Auch Freiburg kämpft

Am anderen Ende des Kanton Berns wünschten sich einige Bewohner gerade dies. Wie Biel liegt auch Freiburg auf der Sprachgrenze. Dort gilt jedoch lediglich Französisch als Amts- und Arbeitssprache – was von Deutschsprechenden kritisiert werde, sagt Stadtpräsident Thierry Steiert. «Wir kämpfen mit denselben Problemen wie jede andere zweisprachige Stadt auch.»
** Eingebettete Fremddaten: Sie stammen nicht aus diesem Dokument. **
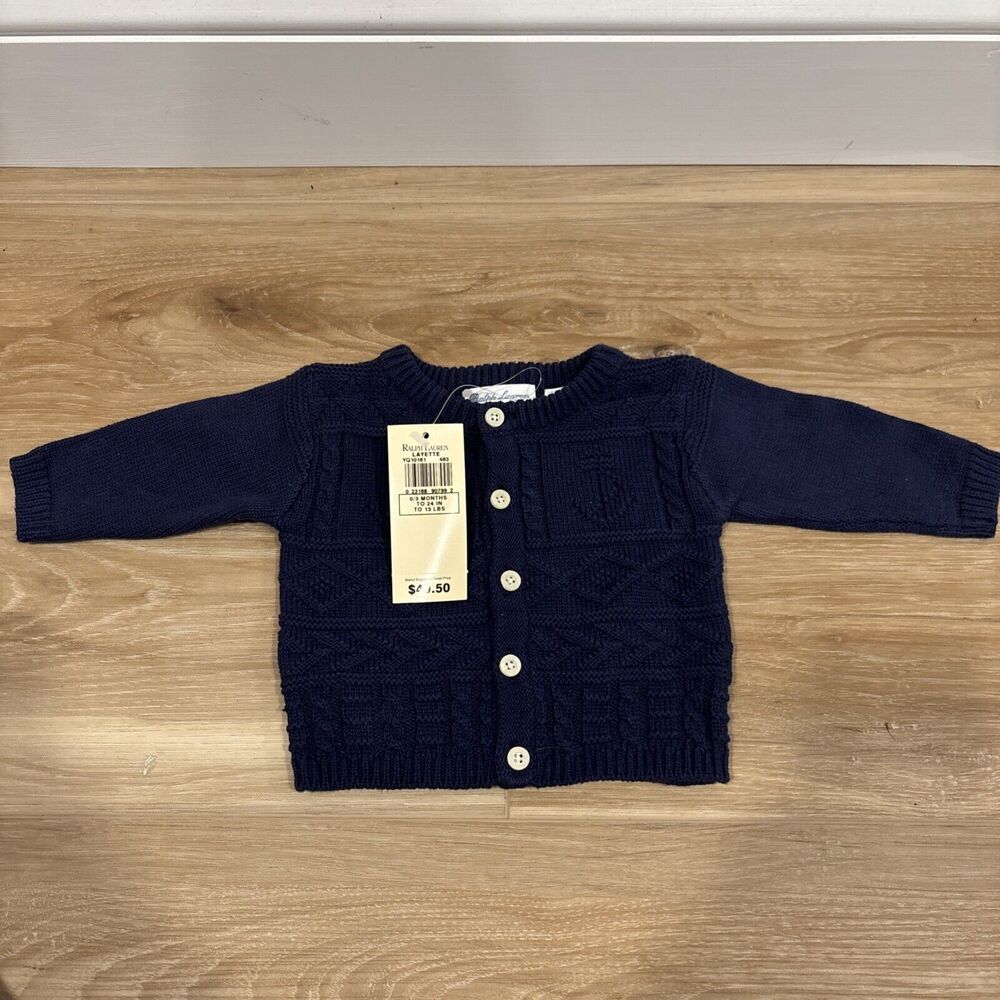Ralph Lauren Layette Blue Sweater 0-3 Months Button Up New 100% Cotton Vintage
Er glaubt jedoch, dass sich die deutschsprachige Minderheit in der Stadt heute wohler fühle als früher. Bereits kleine, symbolische Massnahmen würden viel bewirken: «Als wir den Bahnhof vor fünf Jahren konsequent in beiden Sprachen beschrifteten, hat das bereits viel geholfen.» Steiert, der seit April im Amt ist, wuchs bilingue auf und sieht sich so als Bindeglied zwischen den Sprachlagern. Er will dem Thema auch während seiner Amtszeit viel Beachtung schenken: «Zweisprachigkeit ist Herausforderung und Bereicherung zugleich. Es gilt sie zu pflegen, sonst wird sie zur Last.»